Aunt Jeanne’s Cornbread

I’m back at college! With a kitchen! It’s so super exciting and I don’t care that I sound like a 16 year-old. I love my kitchen. Sure it’s been almost a month since I moved in and I’m just now posting, but I’ve been too busy cooking and playing in the kitchen. It’s itty bitty; my roommate and I can’t be trying to use it at the same time even if one of us is washing dishes and the other is grabbing something out of the fridge.

I think it is honestly the smallest kitchen ever intentionally designed for 2 people. To give you a sense of scale, to be able to open the fridge, I have to move the chair closest to the fridge out into the middle, which then blocks the oven and all exit routes. My cookie sheet has to go in so that I’m only able to grab the shorter end rather than sideways. But it’s my beautiful kitchen and I love it.

Back to that delicious bread up top. One of the reasons I love my kitchen is that my Great Aunt Jeanne sent me a copy of her cookbook she compiled for her grandchildren in 2007. It is 183 pages of recipes with an index by type and title. She included everything from setting the table, to making a salad, to the blessings, and Thanksgiving turkey. Almost every recipe has some back story of the family or friends where the recipe was found or silly memories. There are scans from the Auburn Cookbook, 1924 edition, and newspapers with extra notes. I knew I was in for a treat when I pulled out the book from the packaging and saw the cover.

I apologize for the poor quality of the picture, but it needed to be posted with this recipe. If you can’t read it, the cover says “Anything Good is Better With Butter.” This book is filled with comfort food, a lot of it that makes me think of growing up in the South along with some touches of sea fare from Virginia. My favorite, and the second main topic of this post, is the cornbread.

I have a personal infatuation with cornbread that I didn’t quite recognize until I moved up to New York for school. Someone had some at work one day in February my freshman year and I haven’t been able to stop thinking about it since. Aunt Jeanne’s recipe starts with “Southern? This is your Heritage!” I could barely contain my personal excitement. The recipe continues, “please bake this in a black iron skillet,” so one of the first things I added to my collection of cookware was a 12-inch black iron skillet, just to make cornbread.

Before we get to the recipe, there’s something that must be understood about how special this book is to me.
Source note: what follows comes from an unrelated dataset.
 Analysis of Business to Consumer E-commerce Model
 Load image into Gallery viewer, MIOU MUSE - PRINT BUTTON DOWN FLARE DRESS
I have never met my Great Aunt Jeanne in person. My parents visited her and my Great Uncle Mack back in April and I was able to Skype in to the visit before church one Sunday. Aunt Jeanne is the genealogy compiler of the family. So I have always known of her as the person who created the charts of our family history, a 13 year project tracing my Great Grandad and Great Grandma’s families back to 1505 and 1499 respectively. It’s an amazing history. But now, I feel like I know my Aunt Jeanne a bit better. I can hear her telling the stories in this cookbook and I feel so blessed that she chose to share this amazing collection with me. So without further ado, here’s my Great Aunt Jeanne’s cornbread.

Jeanne’s Cornbread

(From her wonderful cookbook, her phrases are in quotes)

I cut it into 8 pieces, but having 16 also keeps them at a reasonable size. Jeanne also mentions that this can be easily doubled.

Ingredients:

enough oil to coat bottom of pan

1/2 cup plain flour (you can also do half white, half whole wheat)

1/2 cup plain corn meal – “white meal is southern tradition, but I use yellow meal (plain)”

2 tsp baking powder

1 “scant” tsp salt

1 tsp sugar “This is not southern tradition. Forgive me.”

2/3 cup milk

1 egg

Directions:

Turn oven to 450 degrees. Coat the bottom of a black iron skillet with oil (Jeanne recommends using one divided into pie sections for the “crispy crust all around”). Put the pan in the heating oven so the oil gets hot.

Mix all the ingredients (no extra oil) to make a thick batter.

Take the skillet out of the oven, use hot pads! Pour batter into pan. The bottom will start cooking immediately like a pancake. Place the skillet with batter back into the oven for 12-15 minutes, until a toothpick comes out clean.

Serve how you will, in slices, in pre-made slices etc. But the story from this recipe goes as follows:

“My grandmother made corn bread in a big black iron skillet and served it on a plate in one big pone. Her bread was never sliced, always broken off, ‘The Lord broke His,’ she said.”


One Comment on “Aunt Jeanne’s Cornbread”

  1. John Langley says:

    Love this. My mom’s is the same. Auburn cookbook origins.